Mapping Eataly Boston
Get ready to deck the halls with soppressata. Just in time for holiday gifting (and gluttony), the Italian food temple known as Eataly has opened in the Prudential Center. Like the chain’s other stateside outposts—one in Chicago, two in New York—the three-level, 45,000-square-foot dining-and-gourmet-shopping complex marries a Slow Food–derived appreciation for local ingredients with some over-the-top features—think gilded pizza ovens, a pedal-operated cannoli cart, and a mozzarella “lab.”
Each of Eataly’s 35 locations worldwide takes on a different theme. Boston’s, appropriately enough, is seafood. “The water is what makes New England similar to Italy,” says Eataly USA CEO Nicola Farinetti, son of the Turin, Italy–based chain’s founder, Oscar Farinetti. He estimates that the marketplace will feed 10,000 people a day and do about $45 million in annual sales. That kind of volume means it can buy entire boatloads of fish, much of it sustainable and from local waters. To ensure the seafood program is done right, Eataly has collaborated with noted Boston chef Barbara Lynch on its Il Pesce dining concept. She’s overseeing the menu alongside executive chef Jason Neve, the former culinary director of Mario Batali’s Las Vegas restaurants.

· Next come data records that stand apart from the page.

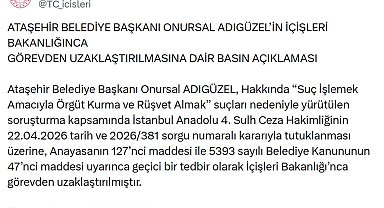 Ataşehir Belediye Başkanı Adıgüzel görevden uzaklaştırıldı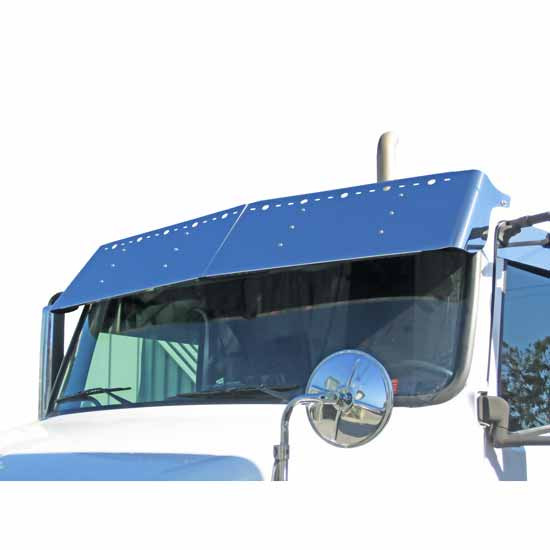 17 Inch Stainless Steel Drop Visor W/ 10 Combo Light Holes For Volvo Gen I Day Cab W/ A Flat Top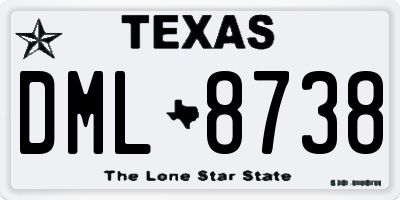 TX license plate DML8738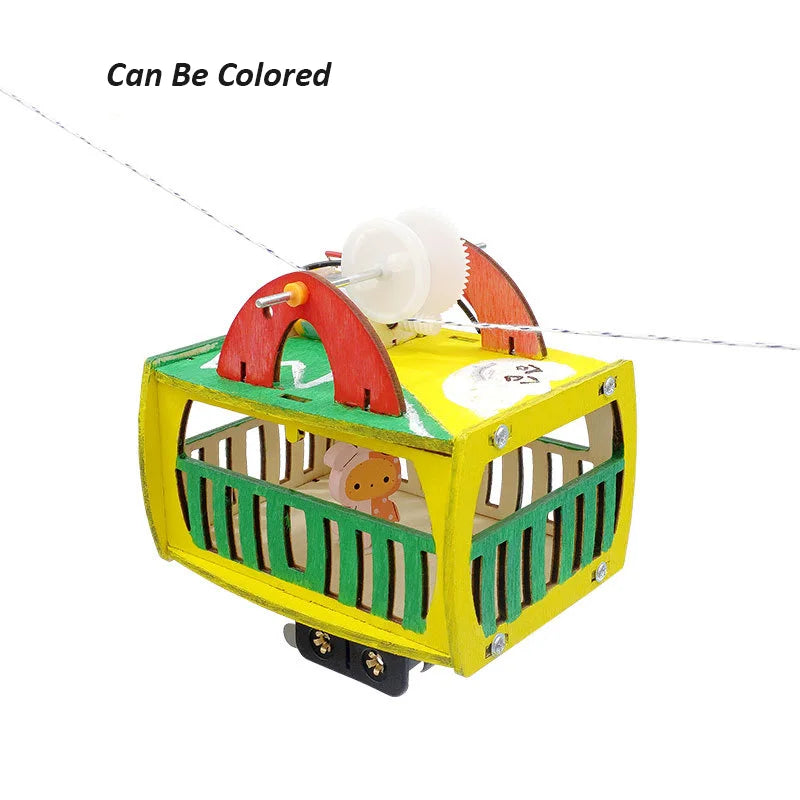 DIY Cable Car Model Model STEM Kit Children Technologia Science Toys Experimental Tool Kit Learning Education Kids Teaching Aid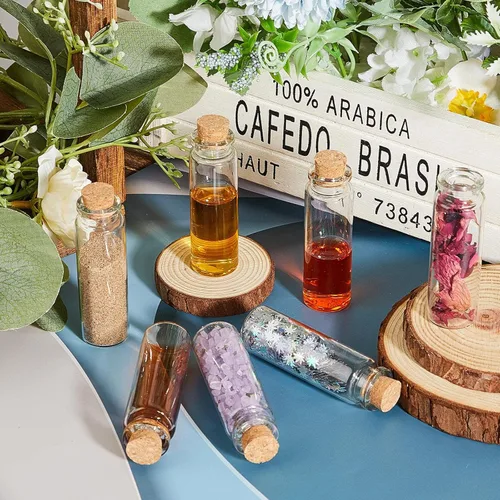 Vista 5 de Patelai 24 frascos pequeños de vidrio con tapas de corcho, mini botellas de poción a granel, pequeños frascos de hechizos para manualidades
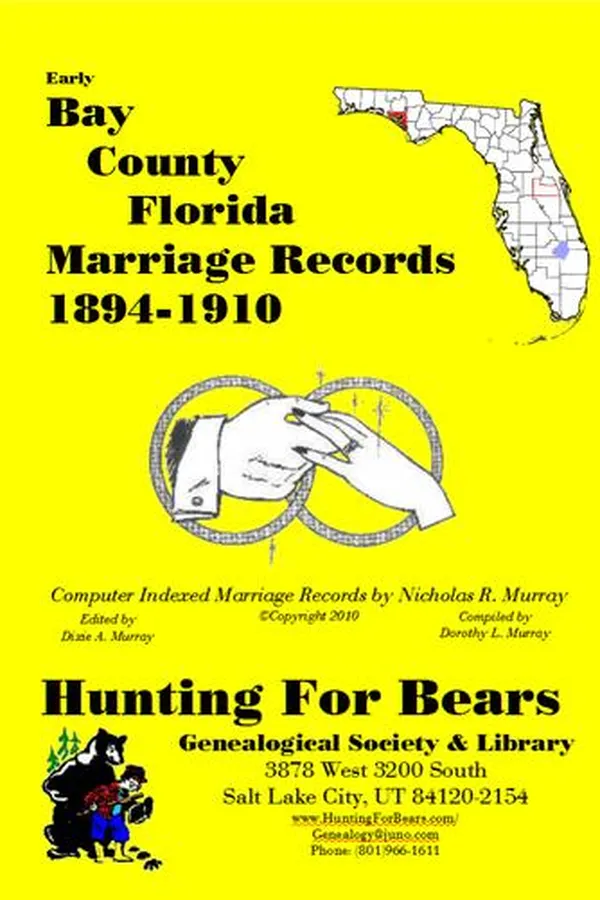 Capa de Early Bay County Florida Marriage Records 1894-1910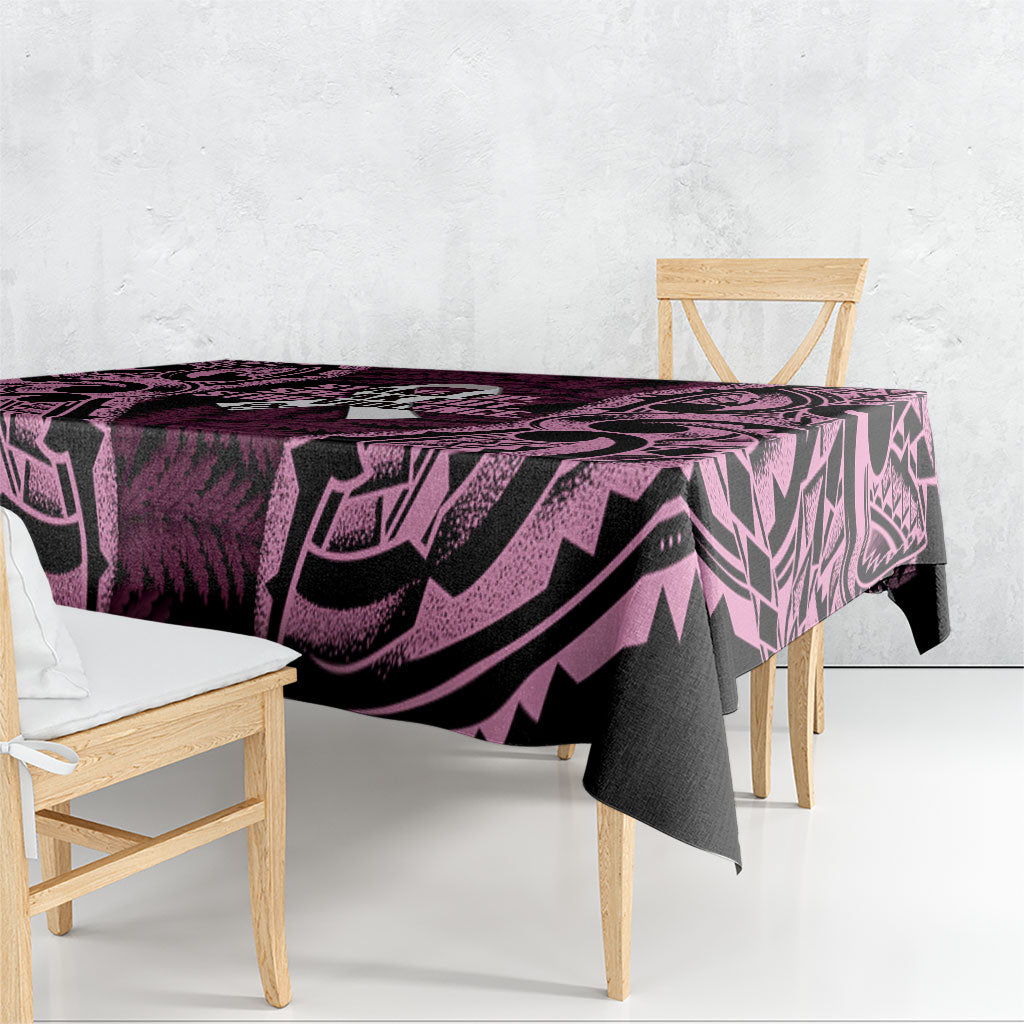 White Ribbon Day New Zealand Tablecloth Respect Women Maori Pattern Pink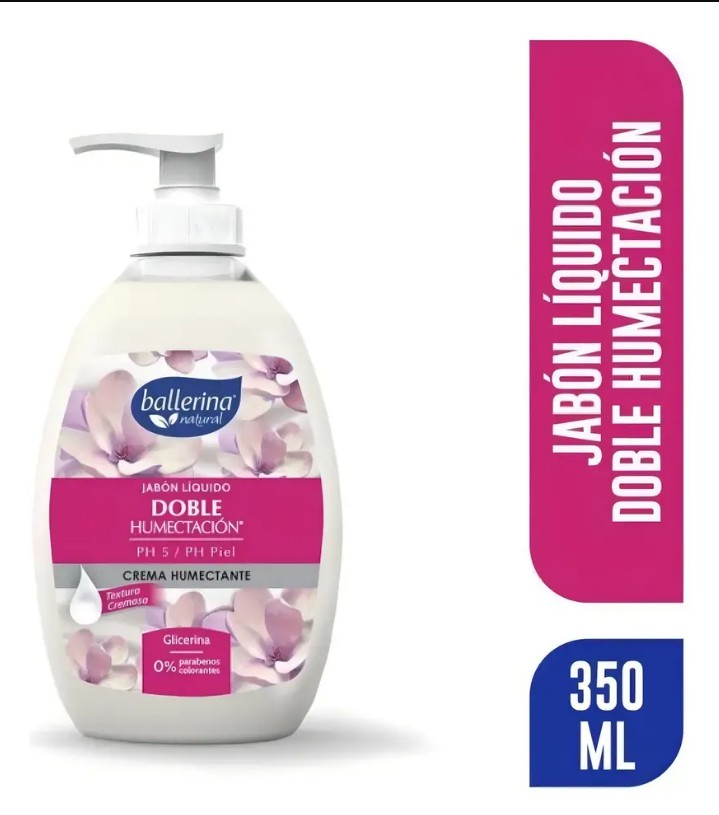 2026/04/1000308503.png JABÓN LÍQUIDO DOBLE HUMECTACIÓN BALLERINA CREMA HUMECTANTE 350 ML - Imagen 1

And there’s more to come. In early 2017, Terra, the complex’s flagship restaurant, will debut with “a crazy new concept in beer,” Farinetti says. “We’re holding off on that because we want to make sure it gets enough attention from everybody.” Somehow, we don’t think that will be a problem.
1. Il Gelato
Purposely located in front of the salad bar to promote a, er, balanced diet, Eataly’s gelateria serves dense scoops made with milk from the Berkshires’ High Lawn Farm. The rotating flavor selection includes nocciola with Piedmont hazelnuts, and Italian Venchi chocolate.
2. Il Pesce
One of three dining areas with table service, Eataly’s fish restaurant gets its culinary direction from Barbara Lynch. Expect raw and cooked preparations that change daily, with a strong emphasis on sustainable local catch. “The idea is to have no menu,” Farinetti says.
3. La Cucina
This pop-up-style restaurant will change its theme and menu every two to three months. It’s debuting as a truffle restaurant, in honor of Italy’s prized fungus. Next year, chefs will fly in from various cities to re-create their regional Italian restaurants in this spot.
4. La Scuola
The themed cooking classes at the food emporium’s other U.S. locations are mostly demo-based. But here you can roll up your sleeves to hand-roll pasta dough and sauté onions in a 10-station kitchen designed by the innovative Italian brand Valcucine.
5. Mozzarella Lab
Providence’s Narragansett Creamery supplies the curds, and Eataly cheesemakers take it from there, stretching and shaping them into glossy rounds of fior di latte. Imported Buffalo mozzarella, of course, is available, too.
6. La Pizza e La Pasta
Gleaming golden ovens with volcanic-rock cooking surfaces crank out Neapolitan-style pizzas in just 90 seconds. If eating among the masses isn’t your thing, you can always take your pie to go. Also stop here for classic pasta dishes such as cacio e pepe.
7. Wine Store
You’ll find about 1,000 Italian wine labels in this area, including, all too conveniently, that by-the-glass chianti you just sipped with your panino. Oenophiles shouldn’t miss the high-end Reserva Room, which showcases bottles from the ’60s, ’70s, and ’80s.
8. Cannoli Cart
The Eataly franchise’s first-ever cannoli cart—custom made in Italy, naturally—has wheeled into Boston. Servers fill pastry to order, using a pedal on the cart to pipe rich ricotta cream into the tubelike shells. How the new guy in town plays into the Mike’s vs. Modern rivalry remains to be seen.
9. Creperia Italiania
Gasp—they’re French. But crêpes have been a big hit at the “Nutella Bar” inside other locations, so they’re available here, too. Line up for sweet versions of the thin pancakes, topped with preserves and decadent chocolate spreads.
10. Caffé Lavazza
Eataly’s espresso bar is located right near its Boylston Street entrance, making it easy to pop in for a pre-work espresso or cappuccino made with beans from the Turin-based roaster Lavazza. Pair it with a breakfast panino—because there’s no shame in eating prosciutto in the morning.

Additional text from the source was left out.